-- Opening Marker --
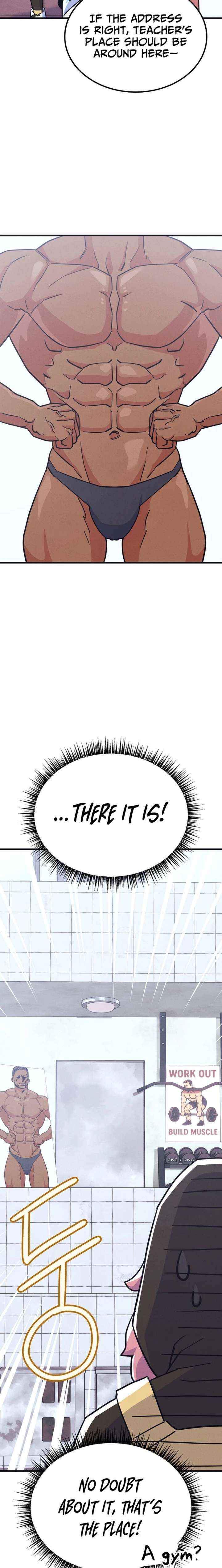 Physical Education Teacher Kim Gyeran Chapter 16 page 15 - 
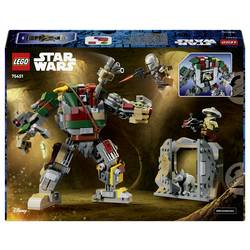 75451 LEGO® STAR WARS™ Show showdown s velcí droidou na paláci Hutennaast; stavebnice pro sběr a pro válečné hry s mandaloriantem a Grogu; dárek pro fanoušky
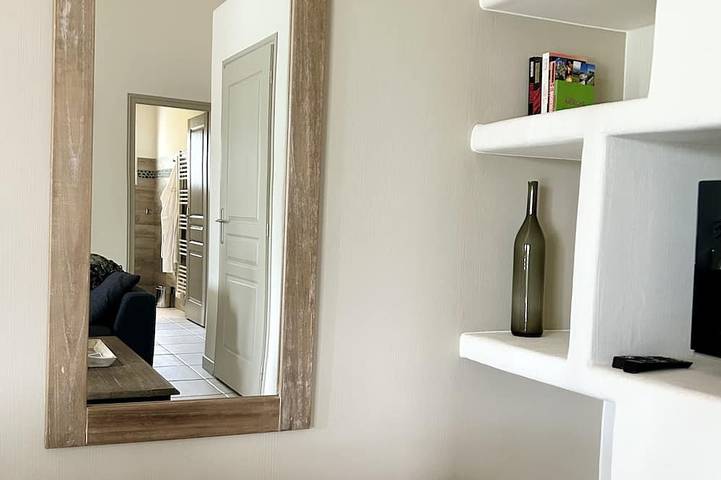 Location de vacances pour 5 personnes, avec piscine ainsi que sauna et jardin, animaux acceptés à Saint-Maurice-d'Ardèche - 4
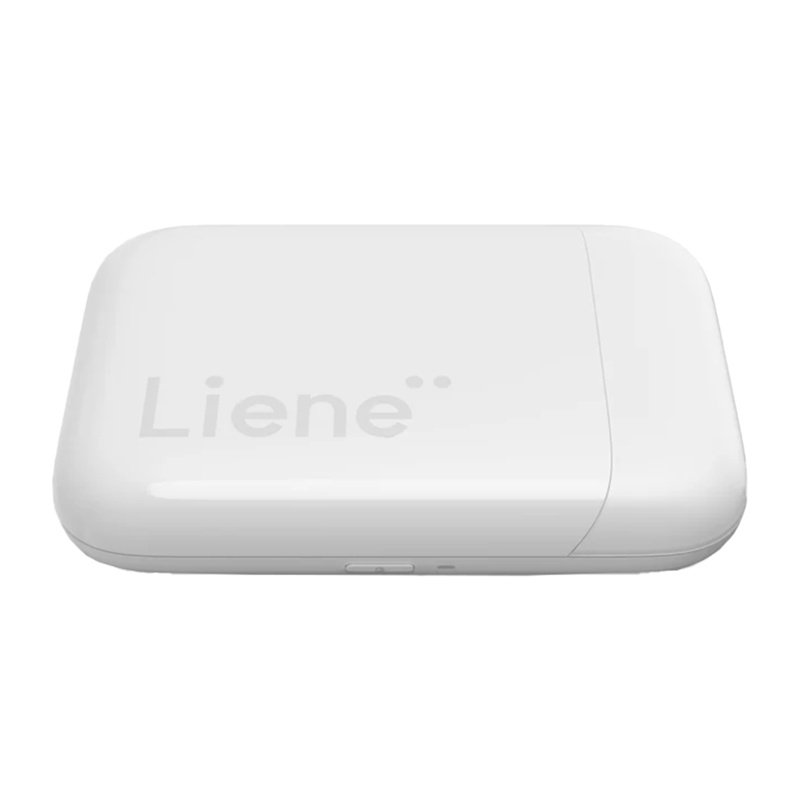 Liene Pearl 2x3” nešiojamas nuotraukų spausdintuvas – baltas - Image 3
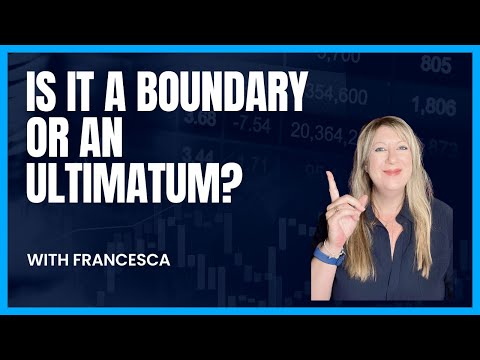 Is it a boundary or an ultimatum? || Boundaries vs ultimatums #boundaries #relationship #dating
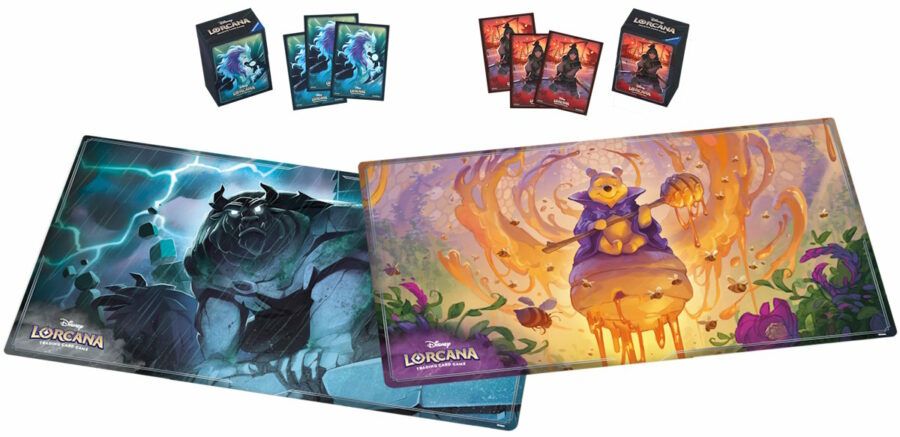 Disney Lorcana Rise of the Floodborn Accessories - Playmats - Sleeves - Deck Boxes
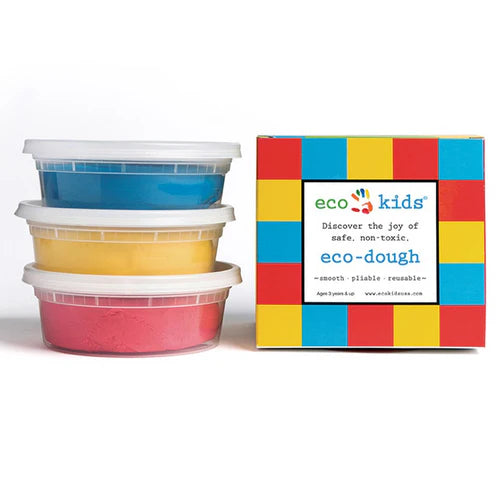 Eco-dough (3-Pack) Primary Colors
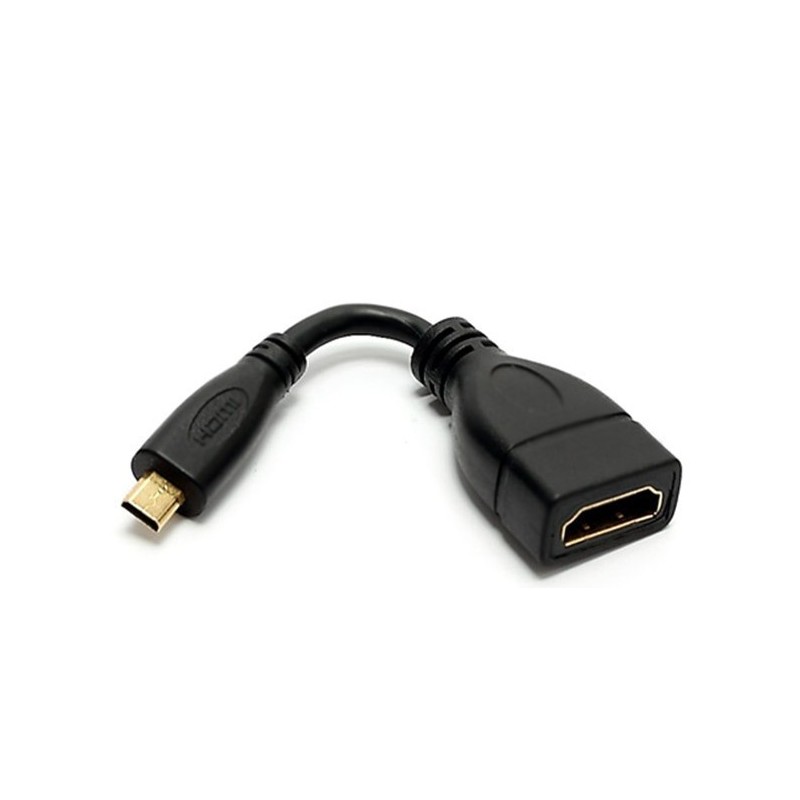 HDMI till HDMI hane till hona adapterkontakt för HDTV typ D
-- Closing Marker --
WHAT THE TASK REQUIRES:
Only the lines from the one that holds "baltas - Image 3" through the final line of the material should be reproduced, word for word, with the pictures omitted.

RESPONSE TO THE TASK:
 Liene Pearl 2x3” nešiojamas nuotraukų spausdintuvas – baltas - Image 3
 Is it a boundary or an ultimatum? || Boundaries vs ultimatums #boundaries #relationship #dating
 Disney Lorcana Rise of the Floodborn Accessories - Playmats - Sleeves - Deck Boxes
 Eco-dough (3-Pack) Primary Colors
 HDMI till HDMI hane till hona adapterkontakt för HDTV typ D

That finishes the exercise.